Reimbursement claims are applicable when the policyholder gets treated at a non-network hospital or if the policyholder cannot get cashless treatment due to certain reasons. In this case, the policyholder has to pay for the treatment upfront and then claim reimbursement from the insurance company later. The policyholder has to submit all the required documents to the insurance company within a specified time period. Once the documents are verified, the insurance company reimburses the approved amount to the policyholder.

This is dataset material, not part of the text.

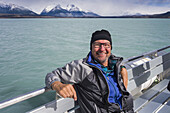 Ein Tourist sitzt auf einem Boot und posiert für ein Foto auf einer Kreuzfahrt auf dem Lago Argentino in der Nähe von El Calafate, argentinisches Patagonien; El Calafate, Provinz Santa Cruz, Argentinien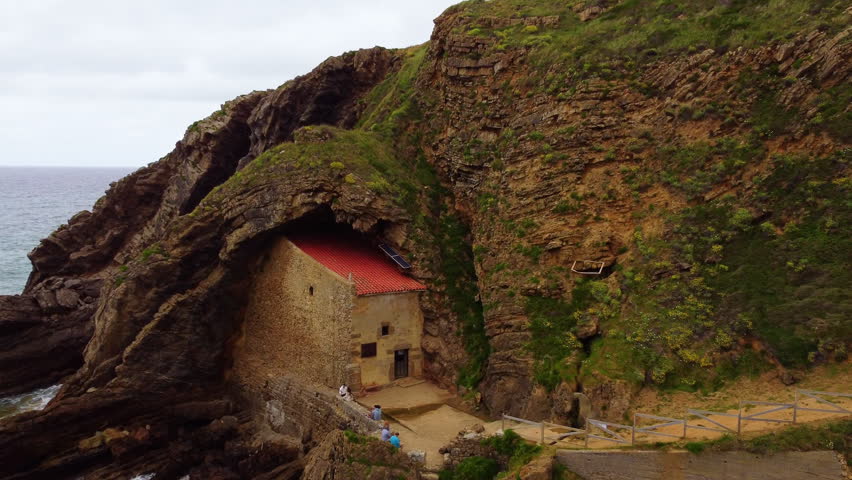 Aerial drone view of Santa Justa Hermitage, a unique chapel built inside a coastal cliff cave in Ubiarco, near Santillana del Mar, Cantabria, Northern Spain. High quality 4k footage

Documents Required to Claim Health Insurance:

The documents required for health insurance claims vary depending on the type of claim. However, there are some common documents that are required for both cashless and reimbursement claims. These include:

    • Claim form: This is a form that needs to be filled out by the policyholder while making the claim. It contains details about the policyholder, the treatment received, and the medical bills.
    • Original bills and receipts: Original medical bills and receipts need to be submitted as proof of the medical expenses incurred. These bills should contain the name and address of the hospital, the date of admission and discharge, and a detailed breakup of the expenses incurred.
    • Discharge summary: A discharge summary is a document provided by the hospital after the patient is discharged. It contains details about the treatment received, the duration of hospitalization, and the diagnosis.
    • Doctor’s prescription: The doctor’s prescription for the treatment received needs to be submitted.
    • Investigation reports: If any diagnostic tests like X-rays or blood tests were done, the reports need to be submitted as proof of the tests and the expenses incurred.
    • KYC documents: Know Your Customer (KYC) documents like an Aadhaar card, PAN card, passport, or voter ID must be submitted for verification purposes.
    • Pre-authorization letter (for cashless claims): A pre-authorization letter is required for cashless claims. This letter is provided by the insurance company and needs to be submitted to the hospital before the treatment.

Steps Involved in Health Insurance Claim Process

Step 1 – Intimation

The first step in the health insurance claim process is to inform the insurance company about the hospitalization. If it’s a planned hospitalization, then the policyholder should inform the insurer in advance. In case of an emergency, the policyholder should inform the insurer within 24 hours of hospitalization.

Step 2 – Filing the Claim

Once the policyholder has informed the insurer, the next step is to file the claim. The policyholder can either opt for a cashless claim or reimbursement claim, depending on the circumstances.

For a cashless claim, the policyholder needs to fill in the pre-authorization form provided by the insurer. This form needs to be submitted to the hospital’s insurance desk, which will verify the policy details and send it to the insurer. Once the insurer approves the claim, the hospital will provide cashless treatment to the policyholder.

For a reimbursement claim, the policyholder needs to submit the claim form along with the necessary documents to the insurance company. The claim form is available on the insurer’s website or can be obtained from their office. The policyholder needs to ensure that the form is filled out correctly and all the necessary documents are attached to it.

Step 3 – Documentation

The documentation process is an essential part of the health insurance claim process. The policyholder needs to submit the following documents along with the claim form:

    • Original hospital bills
    • Discharge summary
    • Investigation reports
    • Prescriptions and receipts for medicines
    • Any other relevant documentation as required by the insurer

Step 4 – Claim Settlement

Once the insurer receives the claim form and necessary documents, they will verify the details and approve the claim. In case of a cashless claim, the insurer will settle the medical bills directly with the hospital. In a reimbursement claim, the insurer will verify the expenses incurred and reimburse the policyholder for the same.


The health insurance claim process can be a little complex, but it’s essential to understand it to avail of the benefits provided by the policy. The policyholder needs to ensure that all the necessary documents are submitted to the insurer to ensure a smooth and hassle-free claim settlement process.